Other brave souls ran the gauntlet of Ascot’s fashion police in dresses that defied the one-inch strap rule and skirts that showed off far more than the one-inch of thigh specified by organisers.
But not everyone chose to break the style rules. Some, perhaps mindful of organisers’ warnings about bare shoulders, novelty clothing and too-small headgear, took a more traditional route in tasteful knee-length frocks and neatly tailored jackets. More still kept things simple in plain black and white or referenced the beautiful Berkshire countryside in frocks that came festooned with delicate florals and fauna-print.
Just as popular were summer classics such as jaunty nautical stripes, cheerful graphic print and sunny hues such as coral and rose, although one or two opted for bolder shades of crimson and plum.
Most of the dresses, again with Ascot's fashion police in mind, were accessorised with modest pashminas and while one or two fascinators were on show, picture hats and delicate cocktail numbers proved the most popular choices. Some of the hats proved particularly bold, with one racegoer sporting a design shaped like a giant butterfly and another plumping for a huge picture hat emblazoned with a picture of a black horse.
Bizarre or not, hats have helped make Royal Ascot one of the UK’s most famous race meetings - also thanks in no small part to its association with royalty, a tradition that began with Queen Anne in 1711.
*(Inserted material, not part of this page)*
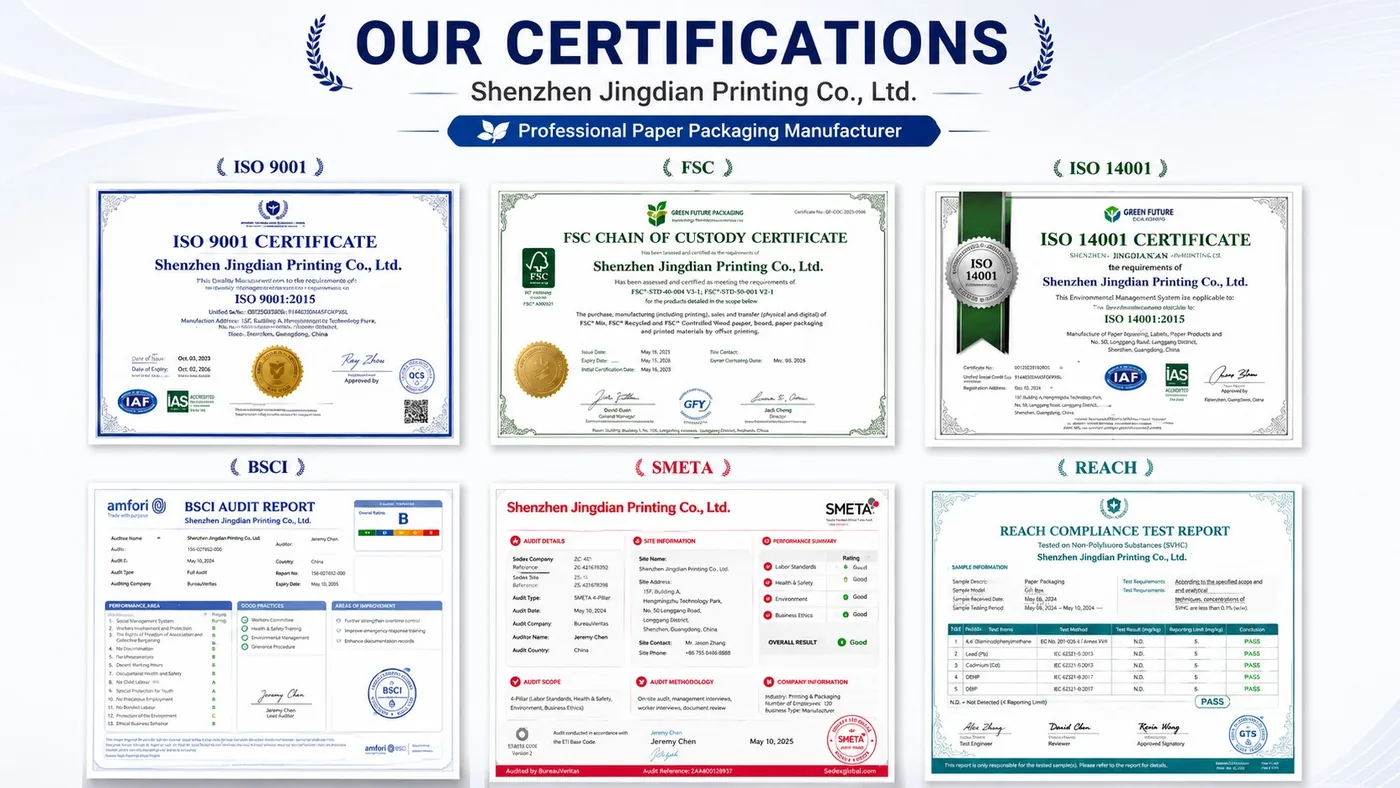 JD Packaging Certifications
In recent years, royalty and racing have almost been eclipsed by the fashion, with huge hats, classic British florals and bright wedges taking centre stage in the paddock.
The meet has also become notorious for fashion faux pas – a problem that has seen the course issue increasingly strict guidelines over the last half-decade. Nevertheless, bookmakers Coral are currently offering odds of 1-2 that at least one lady will be photographed being escorted off the premises after falling foul of the fashion police and has priced other faux pas such as hats being blown away at 1-5.
Just as likely, say the bookies, are skirts being blown up at 1-3, a dress splitting at 1-2, high heels getting stuck in wet grass at 1-5 and, in the case of male racegoers, 6-1 that one trips over his tails.
"As one of the most glamorous events on the racing calendar, there’s nothing quite like Royal Ascot," explains Coral's Nicola McGeady. '"The meeting has always been famous for its fabulous fashion but as thousands of punters look forward to a fun day at the races, there will inevitably be some that don’t even make it past the first hurdle."